When my ex met me, he knew he wanted a gf and worked very hard to get me. I was "selfish" and very content w. being single and was cautious of being in a relationship but through time, came to find that he was loyal and the long term type who cared and respected me very much. He loved that i was not like other girls. I’m the "good girl" and completely different than all his exes who were "high maintinence" and b*tchy. He loved how i was confident, independent, smart, knew who i was and what I wanted in life, educated and will graduate soon and into a career, classy, mannered, and funny. I also loved being intimate w him and loyally to him :) I’m not too bad to look at either (his friends thought i was pretty) and right away, introduced me to all his friends, family and they liked me (they were grateful he found a good girl like me). I was a good girlfriend – we both have busy schedules and I NEVER chased him at all but did nice things for him now and then. I never held him back if he wanted time w. his car, video games, or friends – always gave him space and freedom. I always respected him, appreciated him for who he was and what he did to me but if there was ever a time i felt disrespected I stood my ground. I never nagged or criticized him at all.

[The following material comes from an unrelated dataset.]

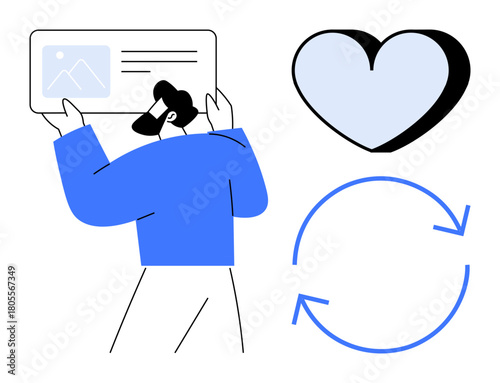 Person holding a card with an image, large heart shape symbolizing care, and circular arrows indicating renewal or continuity. Ideal for themes thumbs up identity, relationship, renewal, care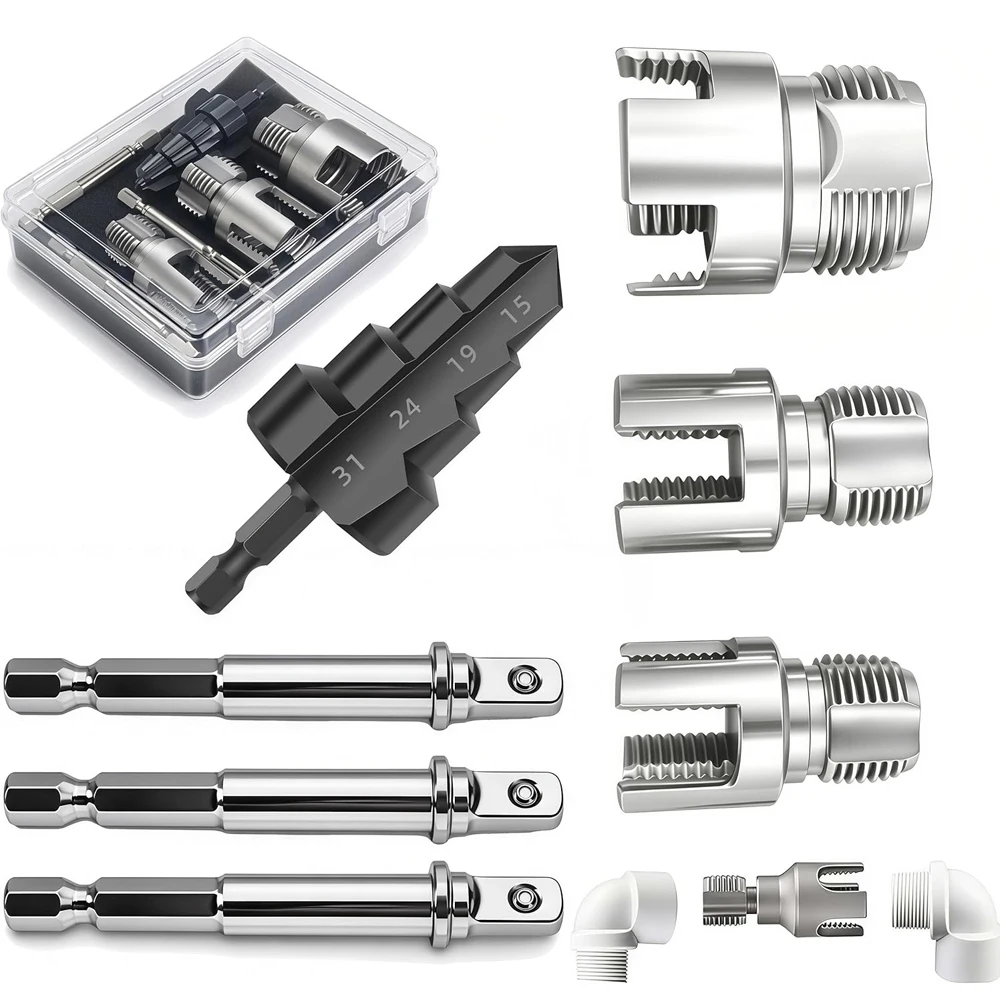 Pipe Threading Kit Burr Free Step Drill Bit Alloy Steel Hex Shank Tube Thread Cutter Set for 1/2 3/4 1 Inch PPR PE Plumbing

Within the last few weeks my intuition told me something was off and no matter how much I talked w. him, he assured me everything was fine and how much he wanted to be with me. He was still affectionate and consistent in calling me but felt he wasn’t "there". He wasn’t giving me the sincere respect and attention I deserved. And now, he broke up w. me b/c of his indecisiveness, immaturity, insecurity, and infatuation. I was nothing but infatuation for him. He wants to be alone, no gf, no work, no spark, doesn’t wanna try…how can you not try if having a good girl and all that is here? I don’t wanna get married anytime soon, I’m not pressuring him to be "super serious", i just want a loyal, committed bf. And if there is no other "3rd party", then he didn’t even wanna try w. me? Being on the inside, i never knew (or cared so much) for people’s reactions. Apparently, our mutual friends thought it was "strange" that the "princess was dating the bum" and how "she’s seems to be too mature for him" but were happy he finally "had a princess". And fr. what people say, he still doesn’t know who he is or what he really wants; very immature and can’t think for himself and is easily influenced by his friends. We’re nearing our mid 20′s and i’m more mature than most girls my age (anyway) and he seems to be content w. his friends who have no ambition in life (and possible influenced him tht he’s always w. me, getting jealous but little did they know..). His best friend thinks he’s "stupid" for letting go of a "good catch" like me and that i’ll be the "best girl he’ll ever get". What’s confusing was tht I know he still cared – still consistent w. hugs, kisses, cuddles, taking care of me and phone calls but was distracted. Also, i’m VERY different than all his exes. Will he regret this?